Question

The logical symbols shown here are logically equivalent to:

A) AND and OR gate
B) NOR and NAND gate
C) OR and AND gate
D) NAND and NOR gate

Answer 1

Hint: The given logic gates are OR and AND gates respectively but there’s a catch. The inputs being given to these logic gates have negated values. Since we are taking the sum and the product of the complements of terms A and B, we can approach this question using De Morgan’s Theorem.

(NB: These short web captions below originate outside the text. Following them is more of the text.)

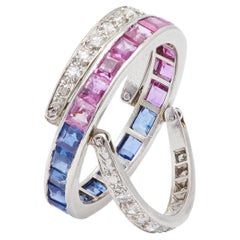 Antique Art Deco Sapphire, Ruby and Diamond Platinum Flip Ring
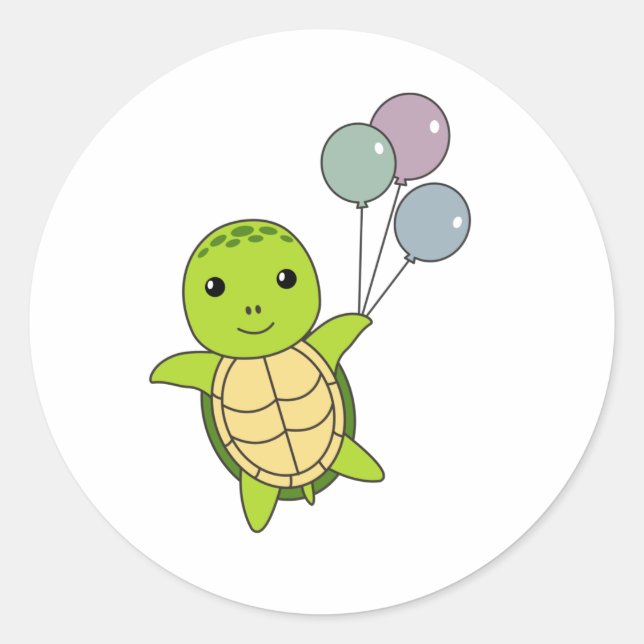 Sticker Rond Tortue Doux Mouches Ballons Enfants (Devant)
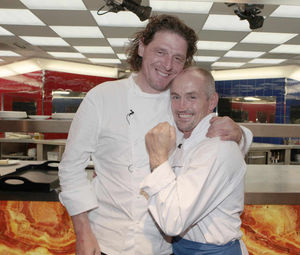 Barry McGuigan with head chef Marco Pierre-White after winning Celebrity Hell's Kitchen 2007.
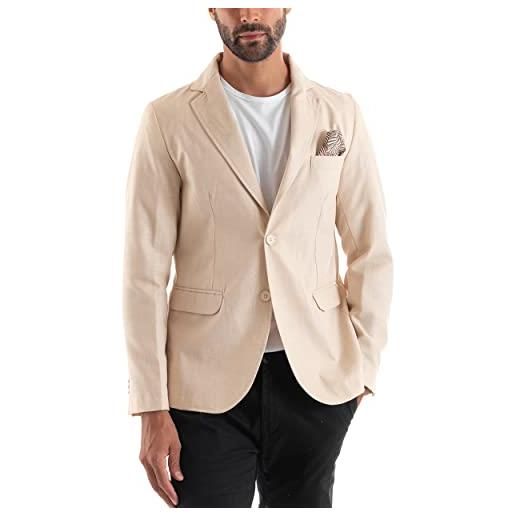 Giosal giacca uomo misto lino melangiata monopetto colletto pochette (52, beige)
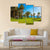 Palm Grove & Green Grass Lawn Canvas Wall Art-4 Pop-Gallery Wrap-50" x 32"-Tiaracle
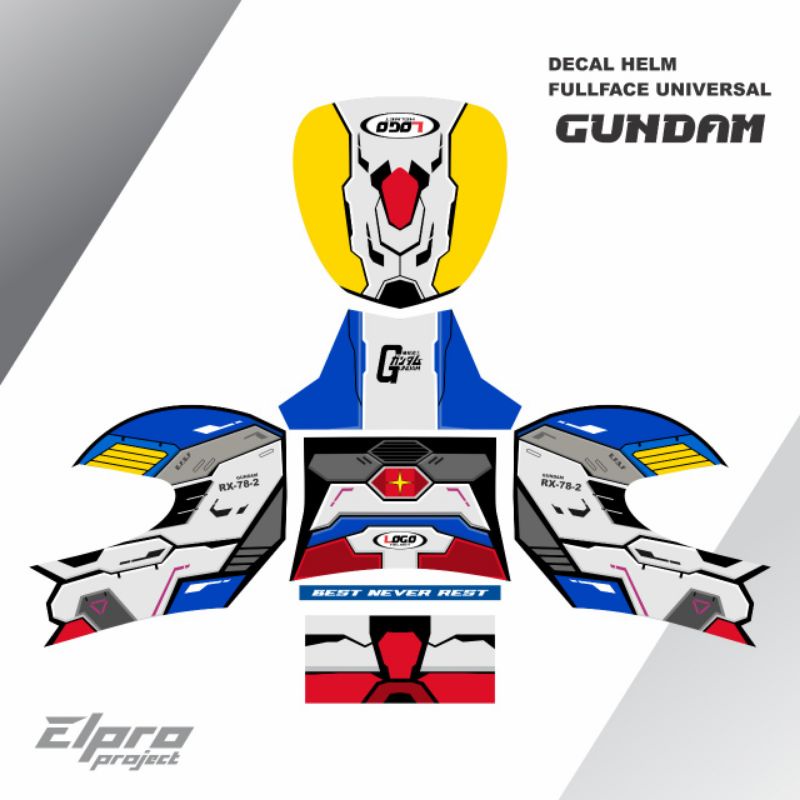 decal stiker helm universal gundam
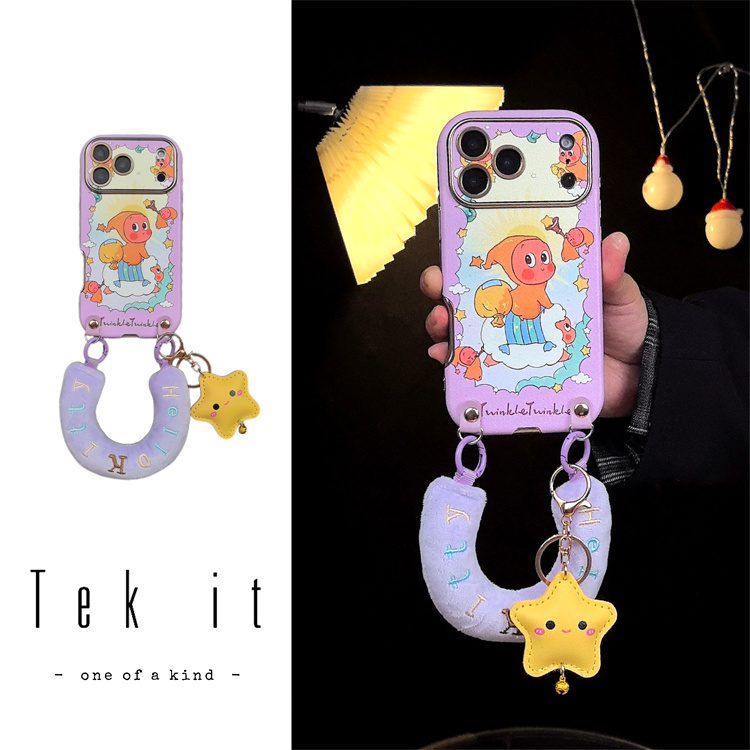 卡通香芋紫围边骑羊星星人适用iPhone17promax手机壳苹果16pro新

Complete step by step solution:
De Morgan’s theorem is a powerful tool in digital design. The theorem explains that the complement of the product of all the terms is equal to the sum of the complement of each term.
Logically, we can depict this as $$\overline{(A.B)}=\bar{A}+\bar{B}$$.
The inverse of the above statement is equally true. This means that the complement of the sum of all the terms is equal to the product of the complements of each term.
Logically, we can depict this as $$\overline{(A+B)}=(\bar{A}).(\bar{B})$$
If we look at the two equations above from the right-hand side, the first equation is a representation of the logic gate marked $$(a)$$ and the second equation is a representation of the logic gate marked $$(b)$$ .
The truth table for the logic gate in figure (a) can be drawn as

$$A$$	$$B$$	$$\bar{A}$$	$$\bar{B}$$	$$A.B$$	$$\overline{(A.B)}$$	$$\bar{A}+\bar{B}$$
0	0	1	1	0	1	1
0	1	1	0	0	1	1
1	0	0	1	0	1	1
1	1	0	0	1	0	0

Similarly, we can draw the truth table for the logic gate in figure (b) as follows

$$A$$	$$B$$	$$\bar{A}$$	$$\bar{B}$$	$$A+B$$	$$\overline{(A+B)}$$	$$(\bar{A}).(\bar{B})$$
0	0	1	1	0	1	1
0	1	1	0	1	0	0
1	0	0	1	1	0	0
1	1	0	0	1	0	0

Thus we can now say, both based on our argument, the truth tables and De Morgan’s theorem, that the two logic gates represent a NAND and a NOR gate respectively.
Hence the correct option is (D).

Note: We can check the validity of our argument and De Morgan’s theorem as well using a truth table. If we’ll make a truth table of the above two logic gates and compare them with the truth tables for a NAND and a NOR gate respectively. It should be noted that De Morgan’s theorem stands for any number of inputs.